#### [EXERCISE REQUIREMENTS]
Down to the last line, retype the records below exactly and skip the pictures.

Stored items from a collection
■ ■ ■ ■ ■

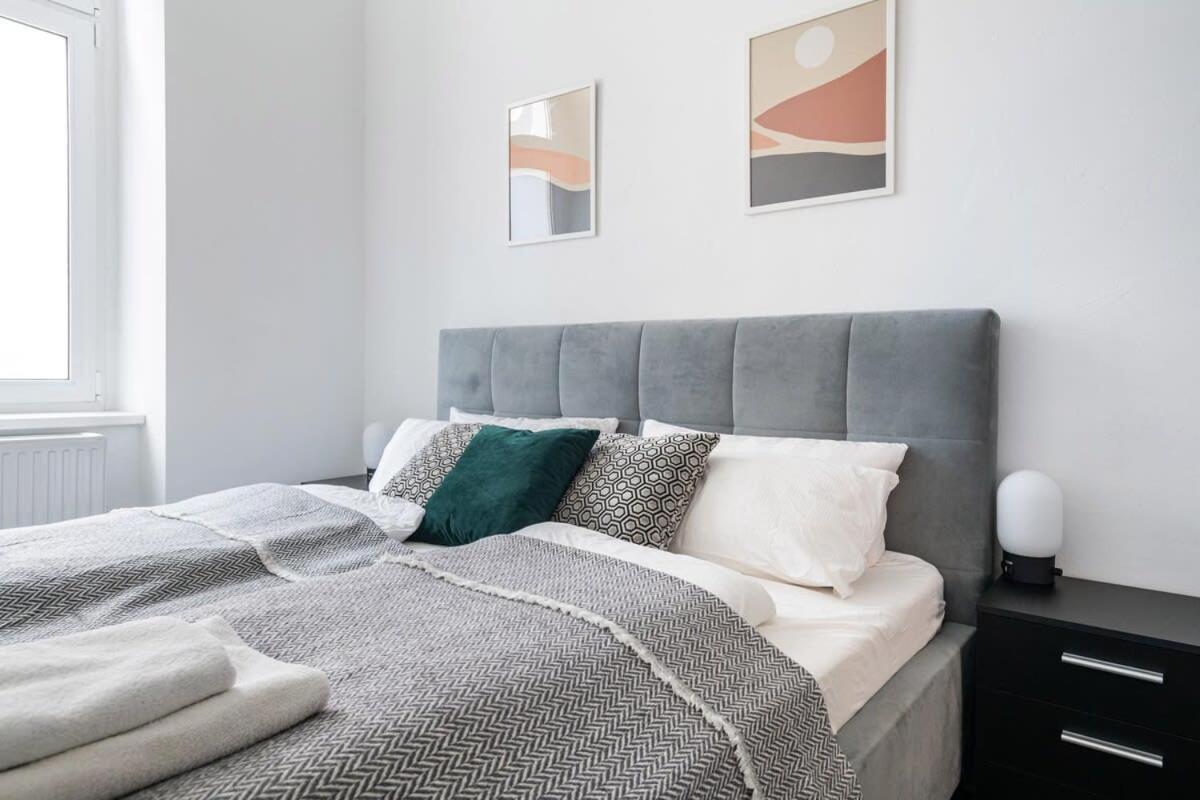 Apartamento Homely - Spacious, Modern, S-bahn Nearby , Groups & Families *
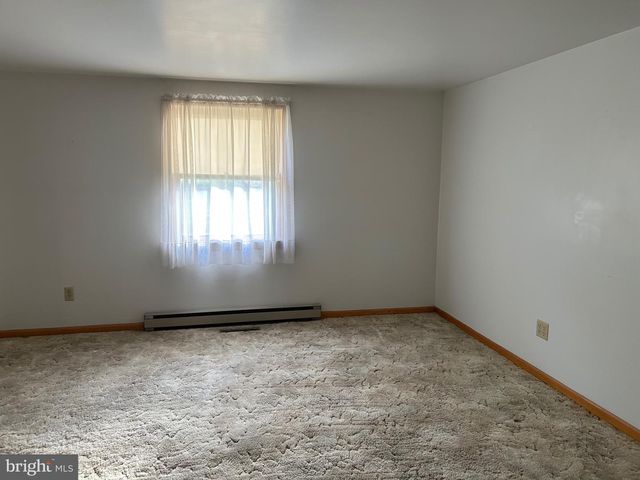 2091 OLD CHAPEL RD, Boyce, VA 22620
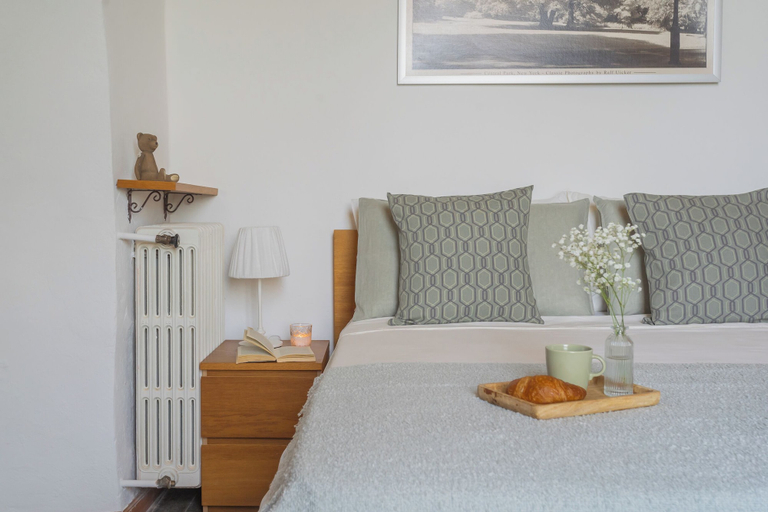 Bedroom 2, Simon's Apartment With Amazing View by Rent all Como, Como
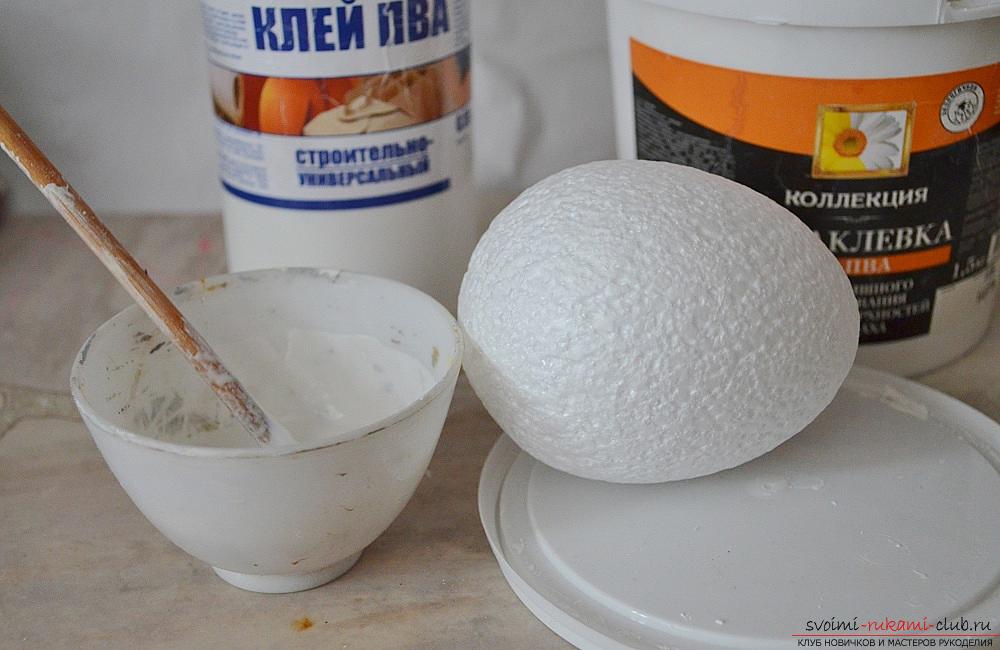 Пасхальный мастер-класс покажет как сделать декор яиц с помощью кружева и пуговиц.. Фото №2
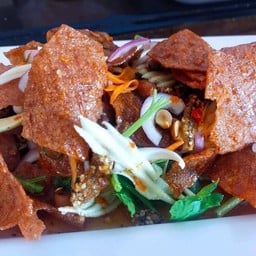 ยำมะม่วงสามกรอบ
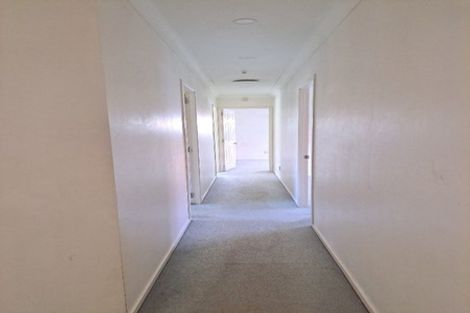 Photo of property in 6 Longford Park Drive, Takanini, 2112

■ ■ ■ ■ ■

#### [RESULT FOR THIS TASK]
 Apartamento Homely - Spacious, Modern, S-bahn Nearby , Groups & Families *
 2091 OLD CHAPEL RD, Boyce, VA 22620
 Bedroom 2, Simon's Apartment With Amazing View by Rent all Como, Como
 Пасхальный мастер-класс покажет как сделать декор яиц с помощью кружева и пуговиц.. Фото №2
 ยำมะม่วงสามกรอบ
 Photo of property in 6 Longford Park Drive, Takanini, 2112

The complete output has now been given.